Die Kooperation von Conrad und Hardware.co

Wie Internet of Things den Handel beleben könnte



Matthias Hell ist Experte in Sachen E-Commerce und Retail sowie  Buchautor. Er veröffentlicht regelmäßig Beiträge in renommierten Handelsmagazinen und E-Commerce-Blogs. Zuletzt erschien seine Buchveröffentlichung "Local Heroes 2.0 – Neues von den digitalen Vorreitern im Einzelhandel".
Mit der Unterstützung für die Entwickler-Community Hardware.co setzt sich Conrad Electronic als innovativer Händler in Szene. Doch wer steckt eigentlich hinter Hardware.co? Und welche Chancen bietet die Entwickler-Community für den Handel?
 
  • Conrad Electronic unterstützt die Entwickler-Community Hardware.co
  • Accelerator-Programm als Starthilfe für Hardware-Startups
  • Roboter, Drohnen und Wearables im Fokus
  • Plattform für Internet of Things in Berlin

Mitte 2014 startete Conrad Electronic seine Unterstützung für den Hardware Accelerator Berlin, Anfang dieses Jahres folgte in der Hauptstadt die Eröffnung des "Hardware.co Lab by Conrad". Der traditionsreiche Elektronikhändler setzte sich damit als zukunftsbezogenes Unternehmen in Szene und rückte gleichzeitig die noch junge Entwickler-Community in den Mittelpunkt des Interesses.
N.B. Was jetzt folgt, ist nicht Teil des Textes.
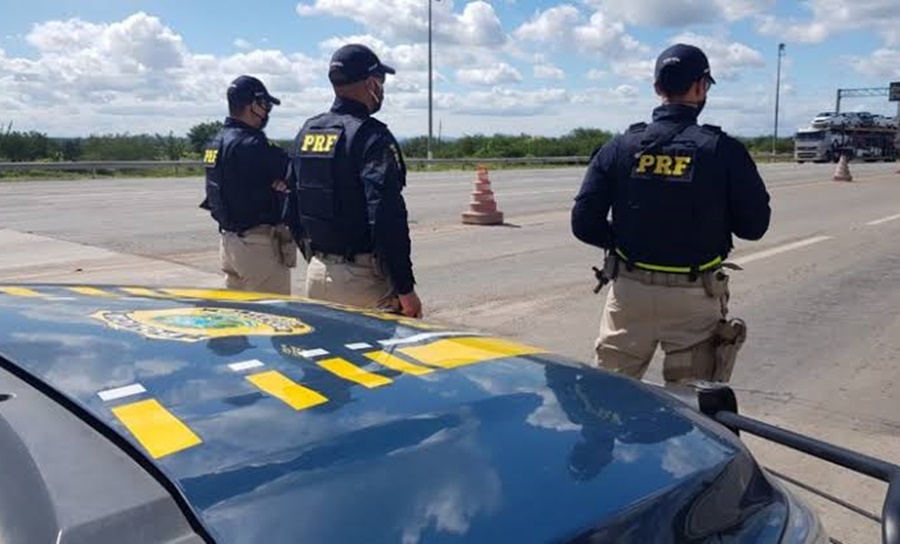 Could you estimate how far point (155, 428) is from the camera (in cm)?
141

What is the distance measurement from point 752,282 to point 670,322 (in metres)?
5.83

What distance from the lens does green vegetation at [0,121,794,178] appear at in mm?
35875

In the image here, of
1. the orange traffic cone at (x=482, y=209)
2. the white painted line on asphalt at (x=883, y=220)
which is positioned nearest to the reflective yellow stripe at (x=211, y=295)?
the orange traffic cone at (x=482, y=209)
Wie Niclas Fritz, Repräsentant von Hardware.co in München berichtet, stellte das Accelerator-Programm dabei den eigentlichen Startschuss für die Gemeinschaft dar. Ziel der Community ist es, Hardware-Startups eine gemeinsame Plattform zu bieten, den Wissensaustausch zu fördern, Netzwerkeffekte zu schaffen und die Entwicklung marktbereiter Produkte zu befeuern.
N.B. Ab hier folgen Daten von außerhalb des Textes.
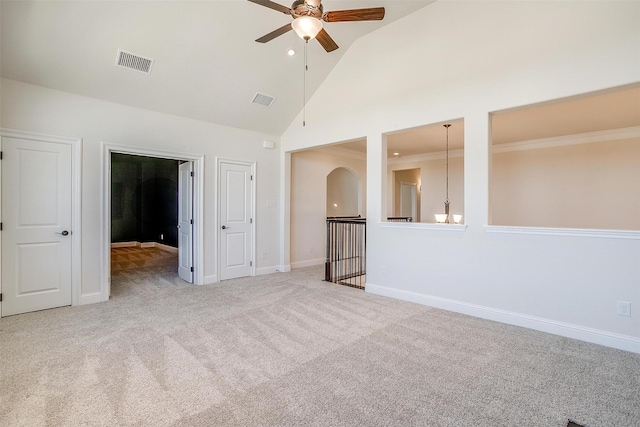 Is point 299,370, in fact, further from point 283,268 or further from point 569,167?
point 569,167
Der Anspruch von Hardware.co ist dabei bewusst breit gefasst: "In unseren Fokus fällt eigentlich jedes Technologie-Startup, dass sich mit anfassbaren Produkten beschäftigt", erklärt Niclas Fritz. Das Spektrum reiche dabei von Industrieprodukten wie Logistik-Robotern oder Drohnen für den Agrareinsatz bis hin zu Endkundenprodukten wie Wearables oder Internet-of-Things-Anwendungen.

Fritz zählt selbst nicht zu den Hardware-Entwicklern, verfügt durch seine Zeit beim Telekom-Spinoff Couchfunk aber über Startup-Erfahrung und beschäftigt sich als Mitarbeiter des Beratungsunternehmens Pulsar schwerpunktmäßig mit Innovationsmanagement. "Hardware-Entrepreneure muss man sich ganz anders vorstellen als zum Beispiel App-Entwickler", erklärt der Community Manager.

Internet of Things-Gründer sind um die 30 Jahre alt

Die meisten Gründer von Hardware-Startups seien eher in der Alterskategorie 30+, verfügten bereits über einige Erfahrung in Unternehmen und wollten nun professionell ihre eigenen Ideen verfolgen. Viele der Startups seien nicht in den einschlägigen Großstadt-Hotspots zu suchen, sondern oft auch auf dem Land - schließlich brauche es für eine Hardware-Gründung meist ein Team von fünf bis acht Leuten und den entsprechenden Platz.

Wegen dieser räumlichen Fragmentierung sei auch das Accelerator-Programm von Hardware.co besonders wichtig: zwei Wochen könnten sich die teilnehmenden Unternehmen - die zur Hälfte aus Deutschland und zur Hälfte aus dem Ausland stammen - austauschen, von erfahrenen Mentoren beraten lassen und sich ausgiebig mit Technik- und BWL-Themen beschäftigen.

Zwei bis dreimal im Jahr will Hardware.co das Accelerator-Programm durchführen und hat dabei neben Berlin auch München im Visier. Die Auswahl der Startups für den zweiten Accelerator in Berlin wurde soeben bekannntgegeben. Als ganzjähriges Zusatzangebot soll zudem das im Berliner Startup-Hotspot Betahaus angesiedelte Entwickler-Lab Platz eine feste Anlaufstelle für die Hardware-Szene schaffen.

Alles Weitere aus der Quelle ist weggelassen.